Keening fiddles and shuddering thumping basses vaulted Krzysztof Penderecki to international acclaim with his shocking “Threnody for the Victims of Hiroshima” from 1960. It is a fitting response to the slaughter of World War Two and the indignities of the Iron Curtain that colored his childhood and adolescence in Poland. (This animated score video is highly recommended.) The Atomic Age had arrived for music.
Nevertheless, like others of his Polish contemporaries, within a decade or so Penderecki seemed to have reached the limits of expression provided by the block techniques he pioneered. He began to incorporate tonal elements and clean melodic lines. He also began writing for smaller ensembles that seem the antithesis of the sprawling sound masses of his early career. If the avant-garde expressed horror at what we had become, perhaps the new romanticism expressed yearning for what we had lost.

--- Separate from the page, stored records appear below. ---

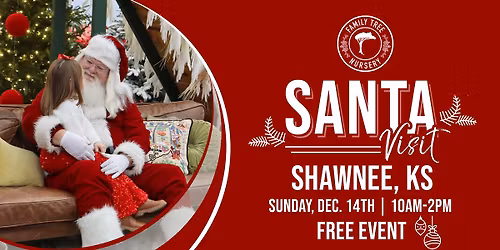 Santa Visit at Shawnee (Free)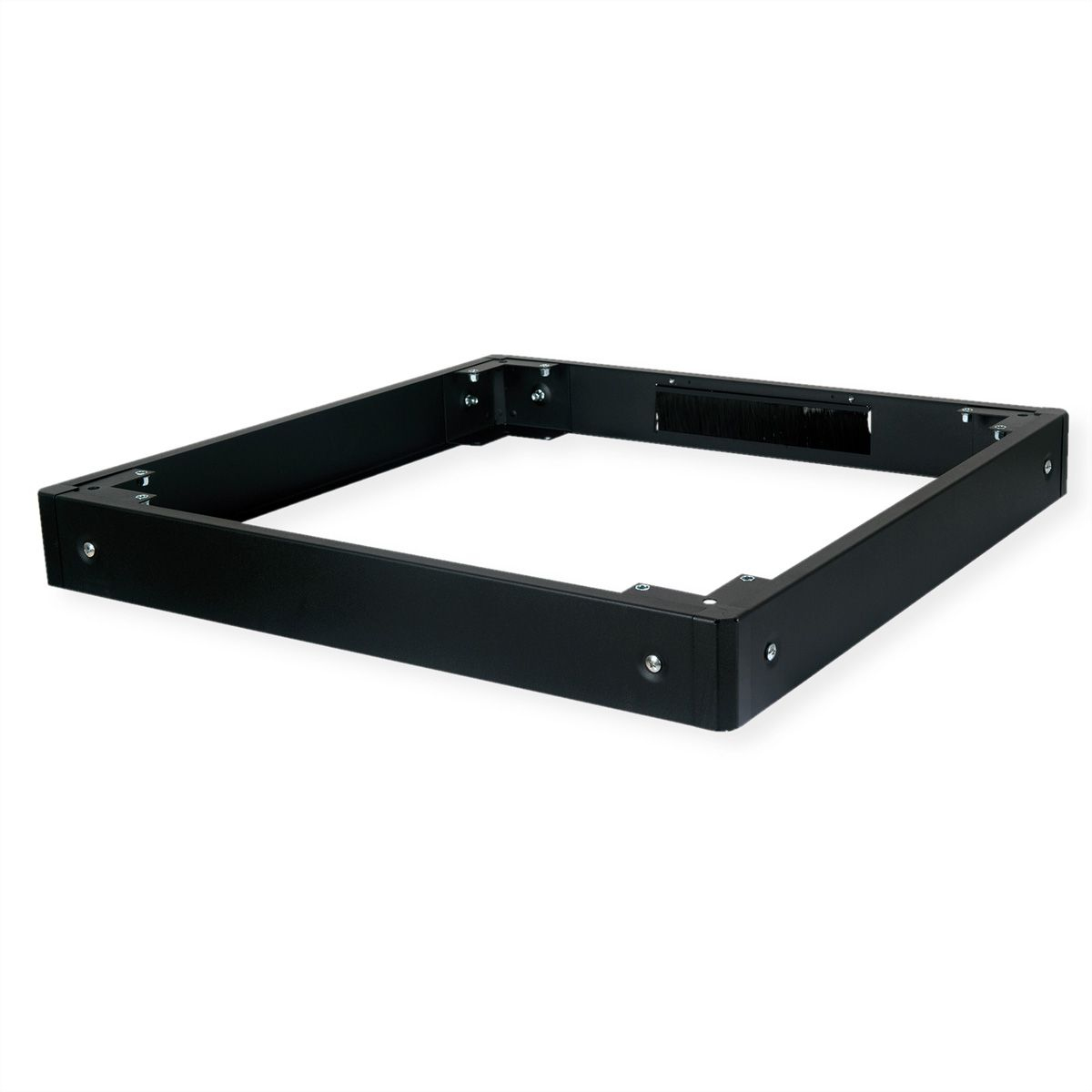 ROLINE Rack-Basis - 800 x 800 mm (B x T) - Jet Black, RAL 9005 - 48.3 cm (19)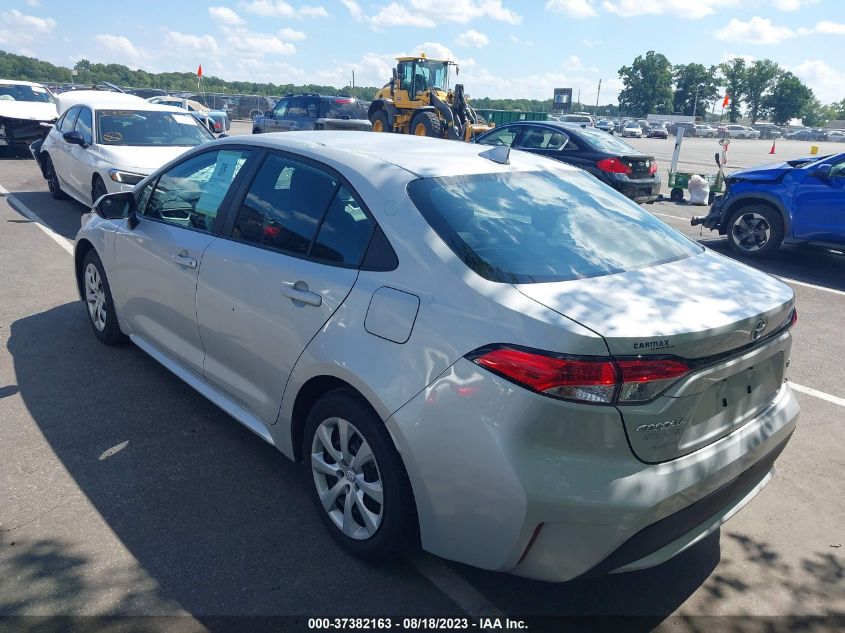 5YFEPMAE1NP314255 Toyota Corolla LE 3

Penderecki’s Sextet for clarinet, horn, violin, viola, cello, and piano is possibly the apex of his transformation. The music is quite at home with Bartok and Shostakovich. Skittering chromatic gestures stalk jagged melodies that never seem quite to come into focus. The insistent chromatic lines are one of the most striking features of the piece. Many post-war composers have avoided heavy use of chromatic scales because they were such a cliche in the nineteenth century. But Penderecki’s obsession with them in the Sextet has given them an unsettling new kind of zombie life. Underlying the chatter the piece is haunted by a minor-key dirge that ultimately subsumes everything else. The message is clear: have all the fun you want, but the end bears only bitterness and loss.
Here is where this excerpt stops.